In multivariate analyses, we examine the characteristics associated with the transition from a nonmarital first birth to a birth with a new partner. The analytic sample is converted into woman-years; women enter the sample the year after a nonmarital first birth (assuming they do not have two births in one year) and leave the year of the Wave 3 interview or when they experience a birth with a new partner. We then use multinomial logistic regression of woman-years to estimate by relationship status the likelihood that a woman will have a subsequent birth with a new partner. The dependent variable includes four categories: no birth (the reference category), birth with a new partner outside of a coresidential union, birth with a cohabiting new partner and birth with a marital new partner. Because the relationship context of higher order births was missing or unclear for 114 cases, the sample size for this analysis is 1,254. Multivariate models are unweighted but include the appropriate covariates to adjust for the sampling design.

RESULTS

Prevalence of Multipartnered Fertility

Twenty-nine percent of women in the sample had a birth, the majority of them (21% overall) outside of marriage (Table 1). More than half of nonmarital births were to women in noncoresidential relationships. The overall prevalence of multipartnered fertility was 3%, making it a relatively rare event in this general sample of young adult women.

Entry into parenthood and multipartnered fertility varied significantly by race and ethnicity. Forty-one percent of sexually active young black women and 35% of sexually active Hispanic women had had at least one child, compared with 26% of white women. Among black women, the majority of nonmarital births occurred in noncoresidential relationships, but among Hispanic and white respondents, nonmarital births were split nearly evenly between cohabiting women and those in non-coresidential relationships. The prevalence of multipartnered fertility was similar in white and Hispanic women (3% and 2%, respectively) but was much higher among black women (7%).

Although the prevalence of multipartnered fertility among all young women surveyed in Add Health was low, especially when compared with estimates from surveys that focused on mothers (such as Fragile Families),10 this estimate is misleading, because the vast majority of women in the sample had not yet begun childbearing or had had only one birth. Among mothers aged 19–25 who had a nonmarital first birth, 14% subsequently had a child with a new partner. Such births were least prevalent among Asian (5%) and Hispanic (9%) mothers; prevalence was highest among white (13%) and black (17%) mothers. The high rate among black mothers is consistent with the high level of overall fertility in this group.

Births with a new partner occurred largely outside of partner by Wave 3, accounting for fewer than a fourth of all such births. However, many new-partner births occurred within the context of a coresidential relationship: About 6% of women who were unmarried at their first birth had a second birth with a new partner with whom they were cohabiting, representing about 40% of young women with a new-partner birth.
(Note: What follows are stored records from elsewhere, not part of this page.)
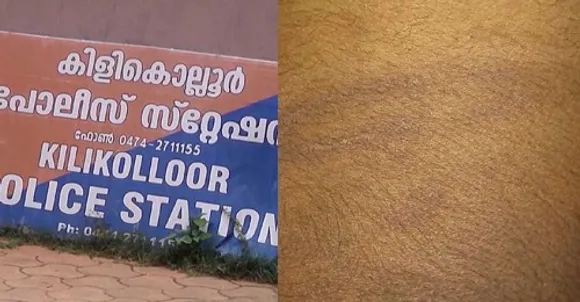 കിളികൊല്ലൂരില്‍ സൈനികനെ മര്‍ദിച്ച പൊലീസുകാര്‍ക്കെതിരെ നടപടി ആവശ്യപ്പെട്ട് കേന്ദ്രപ്രതിരോധമന്ത്രിക്ക് പരാതി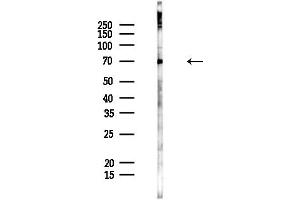 anti-Fatty Acid Transport Protein 1 (FATP1) (Internal Region) antibody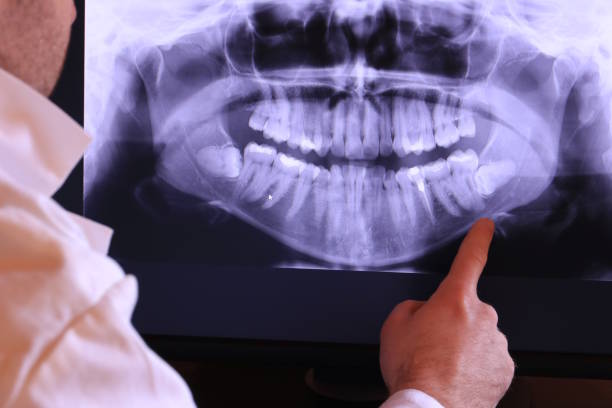 Best Tooth Pain Emergency Relief  in Savannah, TX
Almost half of new-partner births among white mothers and two-fifths of those among Hispanic mothers occurred in cohabiting unions. Among unmarried Asian mothers, births with a new partner occurred almost exclusively in noncoresi- dential relationships, as did more than half of black mothers’ new-partner births. Although levels of marital births with a new partner were similar among Hispanic and white mothers, these births represented a much smaller proportion of new-partner births for white moth- ers than for Hispanic mothers.
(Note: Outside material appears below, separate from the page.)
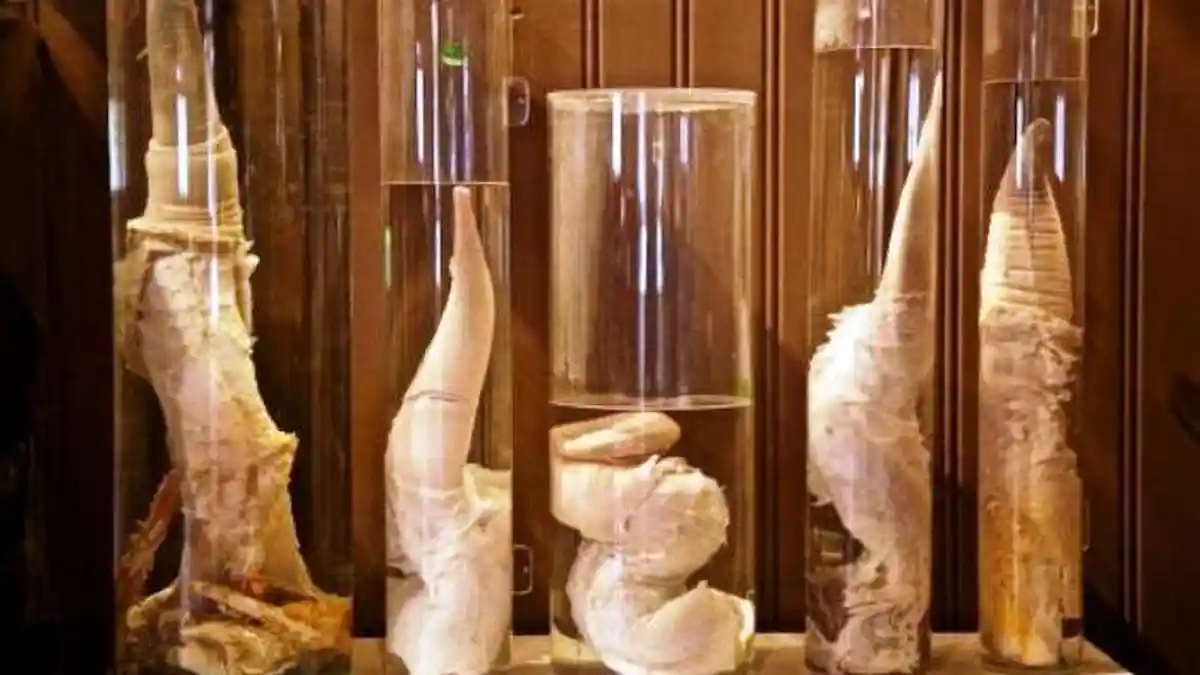 Bergidik dan Menyeramkan, Parade Alat Kelamin Pria Terpajang di Museum Ini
A more pointed way of examining births with a new partner is to look at the number of partners that women of different parities had. Among young women in Add Health who had a nonmarital first birth and at least one subsequent birth, 41% had children with two or more partners, and the proportion increases with higher parity (Table 2). Among women with three children (a very select group, given their young age), 46% had children with at least two partners, and about 12% had children with three partners; among those with four children, 52% had children with at least two partners, and 16% had children with three partners. There is also some indication of racial and ethnic differences (not shown); among mothers with two or more births, black women were more likely (50%) than white (38%) or Hispanic (27%) women to have had multiple partners. subhead2 Characteristics Associated with First Nonmarital Births And Multipartnered Fertility

As expected, the proportion of women who had had children with multiple partners was higher among those who began childbearing at a young age (Table 3), likely multipartnered fertility, but partner education was an important factor (though it was not associated with a woman’s relationship status at the time of a new-partner birth). A disproportionate number of young women who did not know their partner’s level of education or whose partner had less than a high school education had births with more than one partner, whereas few whose first birth partner had attended college did so.

More than half of nonmarital first births among young women occurred outside of a coresidential union, and as hypothesized, women who were not cohabiting at their first birth were more likely than those who were living with their partner at first birth to have had births by multiple partners. Moreover, the proportion of new- partner births that occurred in a marriage was lower among women whose first birth had been in a noncoresi- dential relationship (3% out of 17%) than among women who had been living with the father of their first child (3% out of 8%). Young women who had had no contact with the father of their first child after informing him of the pregnancy or who had not wished to have a child with him also had an increased likelihood of multipartnered fertility; interestingly, women who had had no contact with their first child’s father were particularly likely to be cohabiting or married when they had a child with a different partner. Overall, women who had a weak relationship with the father of their first child were much more likely than other women to report multipartnered fertility within the short time between Add Health waves.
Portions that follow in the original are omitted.